The control flow graphs of each method in the program.
The change in each basic block in the control-flow graphs.
The inheritance graph of the program.
The call-graphs of the methods of the program.
The time of each change to each file.

lecture 39

No Office Hours today

Sorry, search committee meeting, if you need office consultation please e-mail me and suggest your available time(s).

Mailbag

I was wondering if you have any test suspects or programs I could use to monitor for class and methods?

Great question. unicon (~7K LOC), ui (~9K LOC), and ivib (~16K LOC) are three example OO programs that one might try to monitor, but maybe we need something smaller. Within unicon/uni/progs a couple programs are possible: deen.icn (200 LOC) is a toy German-to-English dictionary, while umake.icn (300 LOC) is a simplified variant of the "make" program.

Deen takes German words on its command line and writes out English. A sample run might look like:

$ ./deen Ich bin ein Berliner
Opened file(de-en.txt).
Reading.....................................................................................................................................................................................................
done.  Read 197771 lines
Ich: self
bin is not in the dictionary.
ein: a
Berliner: doughnut

Deen is a toy program and is a far from ideal representative of object-orientation, but it is small enough that it would be easy to use as a suspect. At least it is OO enough to have some inheritance and some aggregation going on.

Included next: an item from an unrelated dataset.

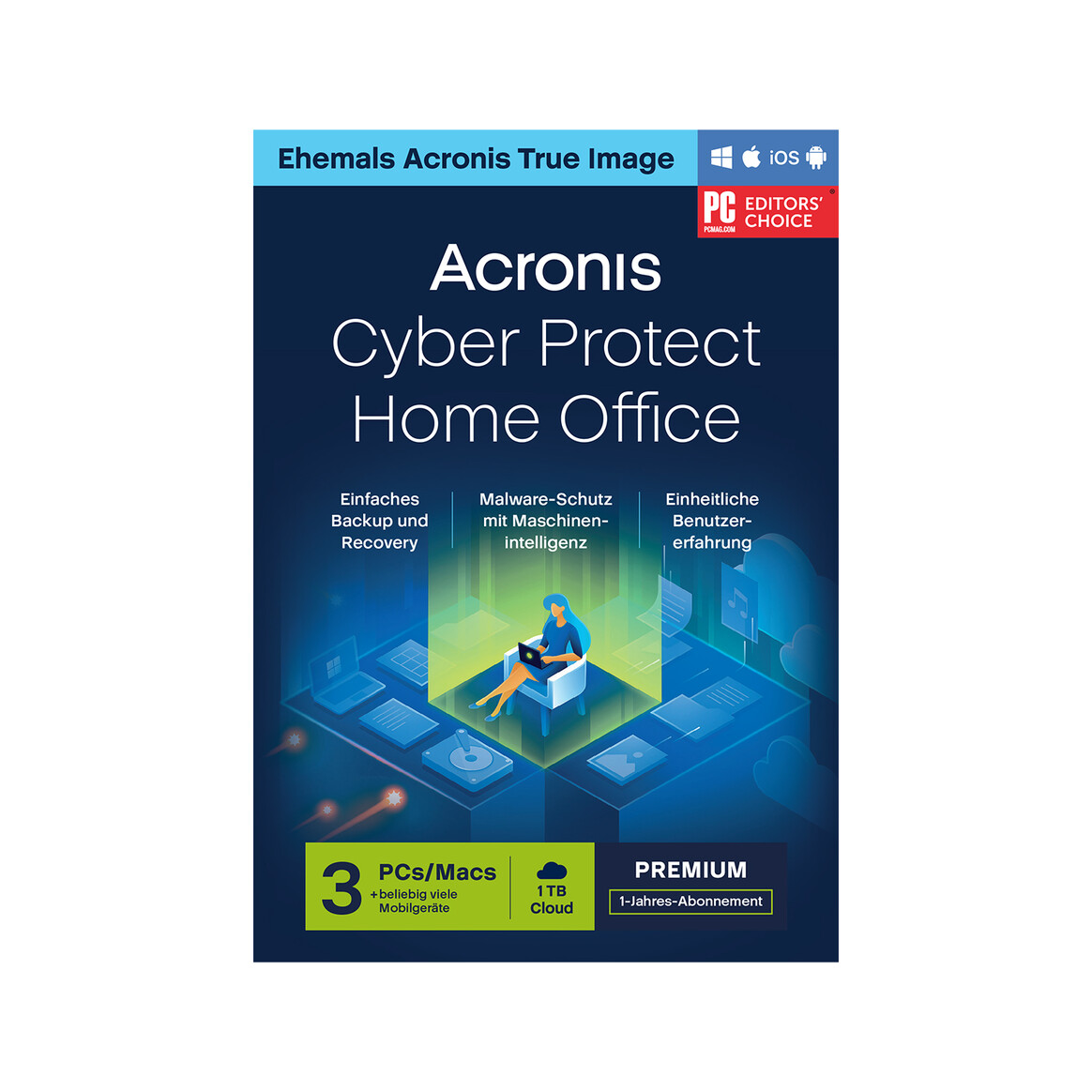 <h1>Acronis Cyber Protect Home Office Premium + 1TB Acronis Cloud Storage, 3 User, 1 Jahr - ESD</h1>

Monitoring the unicon compiler compiling itself, or a ui session, or an ivib session, would be a far more impressive and challenging OO demonstration.

Discussion of Overcoming Issues of 3D Software Visualization through Immersive Augmented Reality

What were the Issues of 3D Software Visualization that they wanted to overcome?
what's difficult about navigation
what's difficult about occlusion
what's difficult about selection
what's difficult about text readability
Is the hypothesis ("displaying 3d software visualizations in immersive augmented reality can help to overcome usability issues of 3D visualizations and increase their effectiveness to support software concerns") almost the same as that posed by Rudel?
What was their test of this hypothesis, and what was the outcome?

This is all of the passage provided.